The argument against medical amnesty laws is that they protect drug dealers from prosecution and prevent police officers from enforcing drug laws. But medical amnesty does not let dealers off the hook. By limiting the quantity of drugs you can get immunity for, all 15 states with these laws have excluded dealers from protection. For example, in Georgia, a person can be charged with drug trafficking if he possesses 4 or more grams of heroin or 28 or more grams of cocaine. The new medical amnesty law only protects a person who possesses less than 4 grams of any solid narcotic. In every state to pass these laws, powerful sheriff and police chief associations have supported the efforts. In Florida, law enforcement even spearheaded the campaign for medical amnesty in 2012. Detective Gary Martin of the Palm Beach County Sheriff’s Office explains, “When most people witness an overdose, they’ll try all kinds of bizarre, dangerous ways to revive a person based off things they see on TV. We want them to call 911.”

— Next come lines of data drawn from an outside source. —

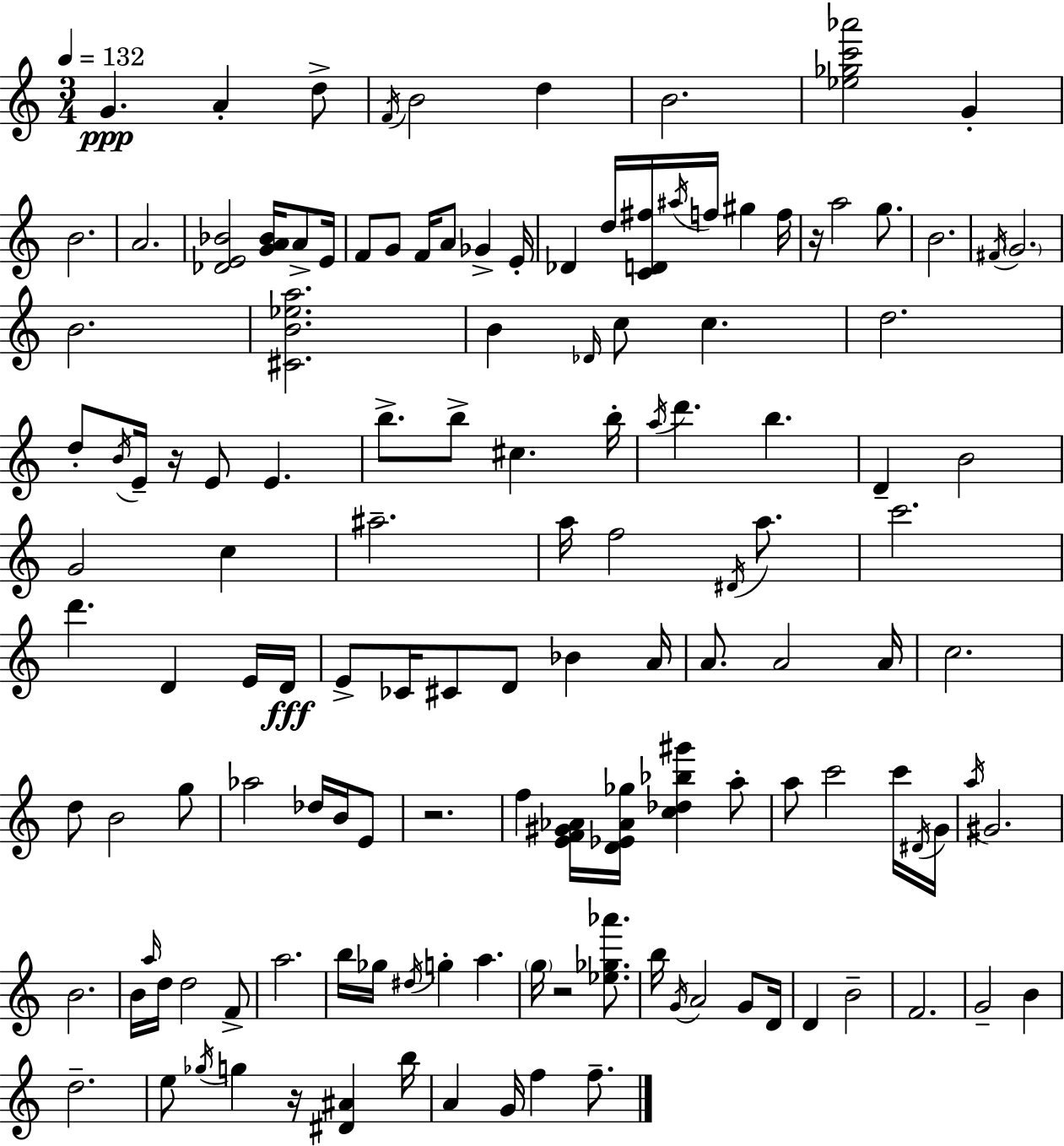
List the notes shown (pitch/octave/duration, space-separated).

G4/q. A4/q D5/e F4/s B4/h D5/q B4/h. [Eb5,Gb5,C6,Ab6]/h G4/q B4/h. A4/h. [Db4,E4,Bb4]/h [G4,A4,Bb4]/s A4/e E4/s F4/e G4/e F4/s A4/e Gb4/q E4/s Db4/q D5/s [C4,D4,F#5]/s A#5/s F5/s G#5/q F5/s R/s A5/h G5/e. B4/h. F#4/s G4/h. B4/h. [C#4,B4,Eb5,A5]/h. B4/q Db4/s C5/e C5/q. D5/h. D5/e B4/s E4/s R/s E4/e E4/q. B5/e. B5/e C#5/q. B5/s A5/s D6/q. B5/q. D4/q B4/h G4/h C5/q A#5/h. A5/s F5/h D#4/s A5/e. C6/h. D6/q. D4/q E4/s D4/s E4/e CES4/s C#4/e D4/e Bb4/q A4/s A4/e. A4/h A4/s C5/h. D5/e B4/h G5/e Ab5/h Db5/s B4/s E4/e R/h. F5/q [E4,F4,G#4,Ab4]/s [D4,Eb4,Ab4,Gb5]/s [C5,Db5,Bb5,G#6]/q A5/e A5/e C6/h C6/s D#4/s G4/s A5/s G#4/h. B4/h. B4/s A5/s D5/s D5/h F4/e A5/h. B5/s Gb5/s D#5/s G5/q A5/q. G5/s R/h [Eb5,Gb5,Ab6]/e. B5/s G4/s A4/h G4/e D4/s D4/q B4/h F4/h. G4/h B4/q D5/h. E5/e Gb5/s G5/q R/s [D#4,A#4]/q B5/s A4/q G4/s F5/q F5/e. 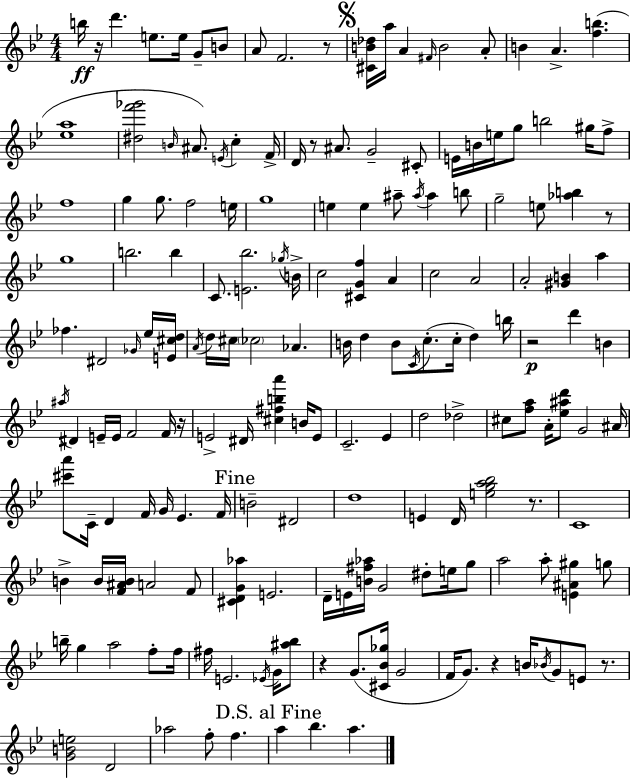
B5/s R/s D6/q. E5/e. E5/s G4/e B4/e A4/e F4/h. R/e [C#4,B4,Db5]/s A5/s A4/q F#4/s B4/h A4/e B4/q A4/q. [F5,B5]/q. [Eb5,A5]/w [D#5,F6,Gb6]/h B4/s A#4/e. E4/s C5/q F4/s D4/s R/e A#4/e. G4/h C#4/e E4/s B4/s E5/s G5/e B5/h G#5/s F5/e F5/w G5/q G5/e. F5/h E5/s G5/w E5/q E5/q A#5/e A#5/s A#5/q B5/e G5/h E5/e [Ab5,B5]/q R/e G5/w B5/h. B5/q C4/e. [E4,Bb5]/h. Gb5/s B4/s C5/h [C#4,G4,F5]/q A4/q C5/h A4/h A4/h [G#4,B4]/q A5/q FES5/q. D#4/h Gb4/s Eb5/s [E4,C#5,D5]/s A4/s D5/s C#5/s CES5/h Ab4/q. B4/s D5/q B4/e C4/s C5/e. C5/s D5/q B5/s R/h D6/q B4/q A#5/s D#4/q E4/s E4/s F4/h F4/s R/s E4/h D#4/s [C#5,F#5,B5,A6]/q B4/s E4/e C4/h. Eb4/q D5/h Db5/h C#5/e [F5,A5]/e A4/s [Eb5,A#5,D6]/e G4/h A#4/s [C#6,A6]/e C4/s D4/q F4/s G4/s Eb4/q. F4/s B4/h D#4/h D5/w E4/q D4/s [E5,G5,A5,Bb5]/h R/e. C4/w B4/q B4/s [F4,A#4,B4]/s A4/h F4/e [C#4,D4,G4,Ab5]/q E4/h. D4/s E4/s [B4,F#5,Ab5]/s G4/h D#5/e E5/s G5/e A5/h A5/e [E4,A#4,G#5]/q G5/e B5/s G5/q A5/h F5/e F5/s F#5/s E4/h. Eb4/s G4/s [A#5,Bb5]/e R/q G4/e. [C#4,Bb4,Gb5]/s G4/h F4/s G4/e. R/q B4/s Bb4/s G4/e E4/e R/e. [G4,B4,E5]/h D4/h Ab5/h F5/e F5/q. A5/q Bb5/q. A5/q. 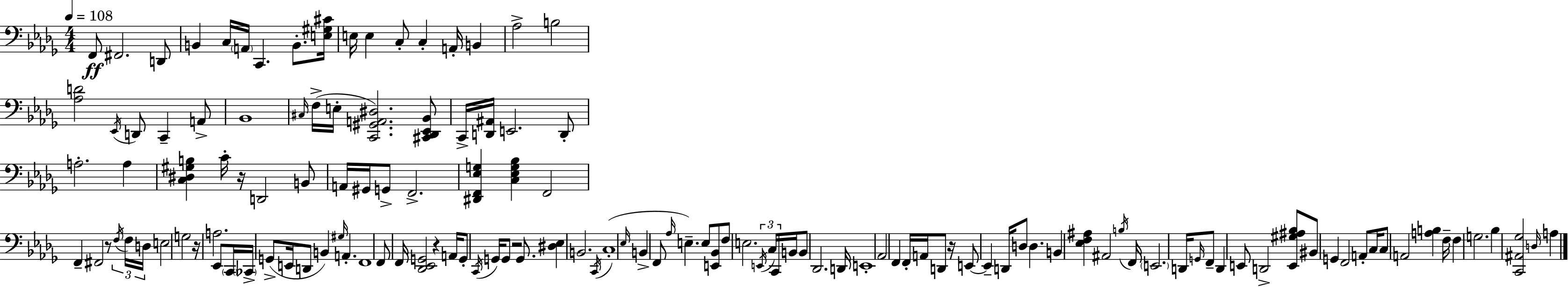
X:1
T:Untitled
M:4/4
L:1/4
K:Bbm
F,,/2 ^F,,2 D,,/2 B,, C,/4 A,,/4 C,, B,,/2 [E,^G,^C]/4 E,/4 E, C,/2 C, A,,/4 B,, _A,2 B,2 [_A,D]2 _E,,/4 D,,/2 C,, A,,/2 _B,,4 ^C,/4 F,/4 E,/4 [C,,^G,,A,,^D,]2 [^C,,_D,,_E,,_B,,]/2 C,,/4 [D,,^A,,]/4 E,,2 D,,/2 A,2 A, [C,^D,^G,B,] C/4 z/4 D,,2 B,,/2 A,,/4 ^G,,/4 G,,/2 F,,2 [^D,,F,,_E,G,] [C,_E,G,_B,] F,,2 F,, ^F,,2 z/2 F,/4 F,/4 D,/4 E,2 G,2 z/4 A,2 _E,,/2 C,,/4 _C,,/4 G,,/2 E,,/4 D,,/2 B,, ^G,/4 A,, F,,4 F,,/2 F,,/4 [_D,,_E,,G,,]2 z A,,/4 G,,/2 C,,/4 G,,/4 G,,/2 z2 G,,/2 [^D,_E,] B,,2 C,,/4 C,4 _E,/4 B,, F,,/2 _A,/4 E, E,/2 [E,,_B,,]/2 F,/2 E,2 E,,/4 C,/4 C,,/4 B,,/4 B,,/2 _D,,2 D,,/4 E,,4 _A,,2 F,, F,,/4 A,,/4 D,,/2 z/4 E,,/2 E,, D,,/4 D,/2 D, B,, [_E,F,^A,] ^A,,2 B,/4 F,,/4 E,,2 D,,/4 G,,/4 F,,/2 D,, E,,/2 D,,2 [E,,^G,^A,_B,]/2 ^B,,/2 G,, F,,2 A,,/2 C,/4 C,/2 A,,2 [A,B,] F,/4 F, G,2 _B, [C,,^A,,_G,]2 D,/4 A, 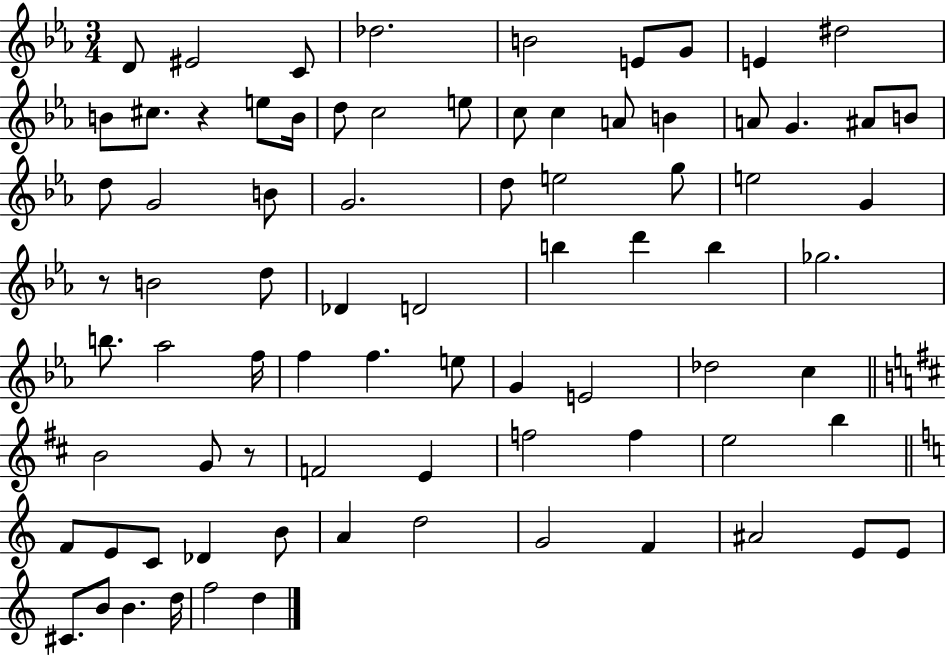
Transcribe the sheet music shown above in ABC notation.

X:1
T:Untitled
M:3/4
L:1/4
K:Eb
D/2 ^E2 C/2 _d2 B2 E/2 G/2 E ^d2 B/2 ^c/2 z e/2 B/4 d/2 c2 e/2 c/2 c A/2 B A/2 G ^A/2 B/2 d/2 G2 B/2 G2 d/2 e2 g/2 e2 G z/2 B2 d/2 _D D2 b d' b _g2 b/2 _a2 f/4 f f e/2 G E2 _d2 c B2 G/2 z/2 F2 E f2 f e2 b F/2 E/2 C/2 _D B/2 A d2 G2 F ^A2 E/2 E/2 ^C/2 B/2 B d/4 f2 d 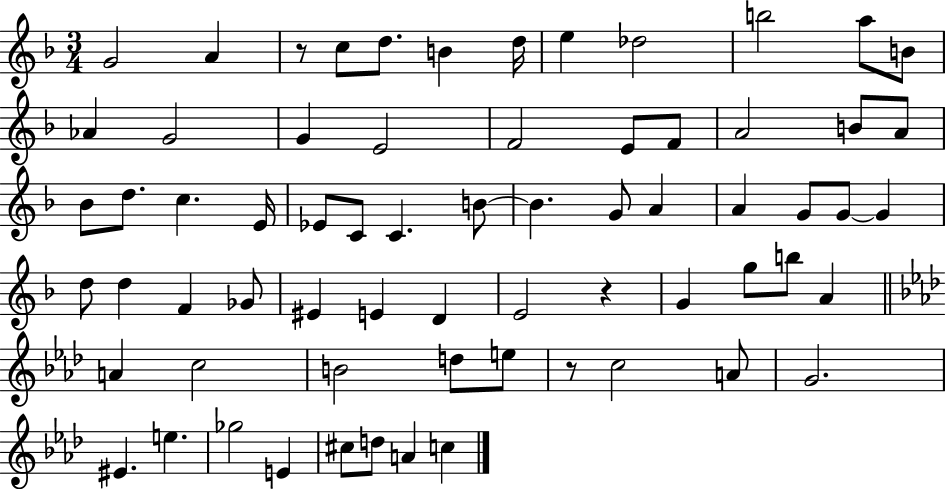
X:1
T:Untitled
M:3/4
L:1/4
K:F
G2 A z/2 c/2 d/2 B d/4 e _d2 b2 a/2 B/2 _A G2 G E2 F2 E/2 F/2 A2 B/2 A/2 _B/2 d/2 c E/4 _E/2 C/2 C B/2 B G/2 A A G/2 G/2 G d/2 d F _G/2 ^E E D E2 z G g/2 b/2 A A c2 B2 d/2 e/2 z/2 c2 A/2 G2 ^E e _g2 E ^c/2 d/2 A c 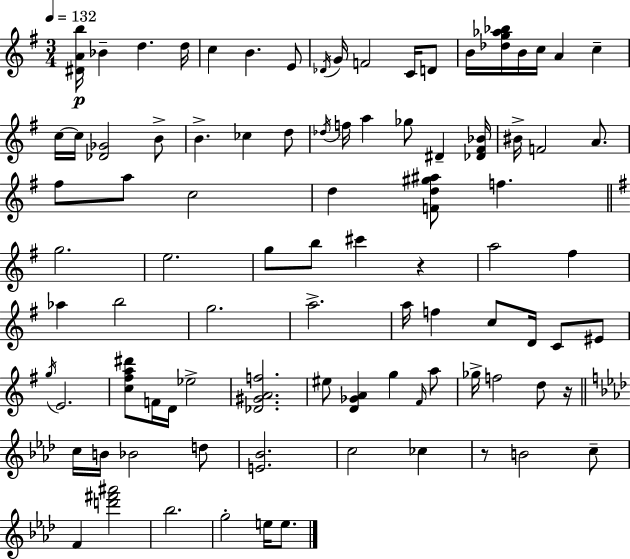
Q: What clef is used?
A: treble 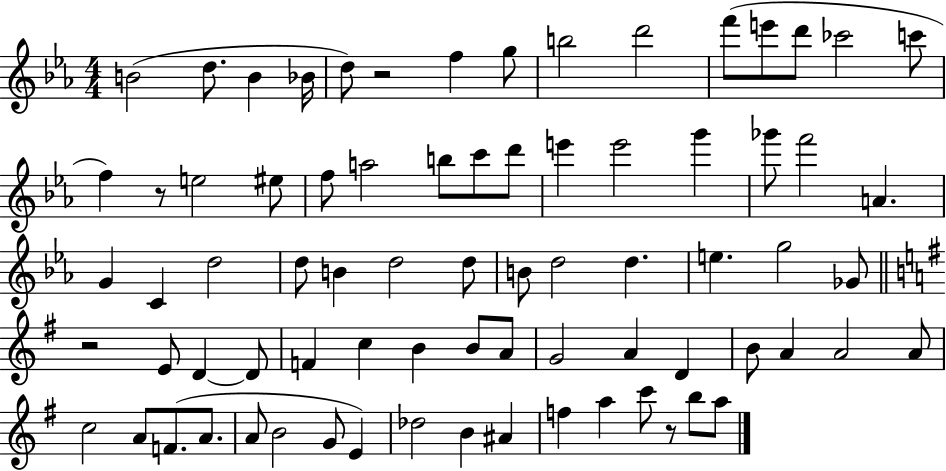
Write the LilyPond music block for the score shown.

{
  \clef treble
  \numericTimeSignature
  \time 4/4
  \key ees \major
  \repeat volta 2 { b'2( d''8. b'4 bes'16 | d''8) r2 f''4 g''8 | b''2 d'''2 | f'''8( e'''8 d'''8 ces'''2 c'''8 | \break f''4) r8 e''2 eis''8 | f''8 a''2 b''8 c'''8 d'''8 | e'''4 e'''2 g'''4 | ges'''8 f'''2 a'4. | \break g'4 c'4 d''2 | d''8 b'4 d''2 d''8 | b'8 d''2 d''4. | e''4. g''2 ges'8 | \break \bar "||" \break \key g \major r2 e'8 d'4~~ d'8 | f'4 c''4 b'4 b'8 a'8 | g'2 a'4 d'4 | b'8 a'4 a'2 a'8 | \break c''2 a'8 f'8.( a'8. | a'8 b'2 g'8 e'4) | des''2 b'4 ais'4 | f''4 a''4 c'''8 r8 b''8 a''8 | \break } \bar "|."
}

Georgia’s new law also expands access to naloxone, which can reverse the effects of an overdose. (It works like the EpiPen.) Paramedics have used naloxone for decades; now the idea is to put it in the hands of laypeople by shielding them from civil liability if they give naloxone to an overdose victim and something goes wrong. (That’s rare.) Thanks in part to liability protections in 911 medical amnesty laws, more than 10,000 laypeople across the country have now used it to reverse overdoses. A year before Tanya Smith’s daughter died, naloxone saved her from a heroin overdose.*

In her daughter’s memory, Smith will soon launch a program to equip her co-officers, at the Holly Springs Police Department, with naloxone and train them on responding to an overdose. She hopes to see results like those achieved by a program that the Quincy Police Department in Massachusetts introduced in 2010. Since then, Quincy officers responding to 911 calls have administered naloxone 234 times to overdose victims who were not breathing but still alive. All but four of them survived. That’s what medical amnesty laws are about—a second chance.

*Update, May 8, 2014: This piece has been updated to clarify that naloxone saved Taylor Smith from a heroin overdose. It does not reverse the effects of methamphetamine.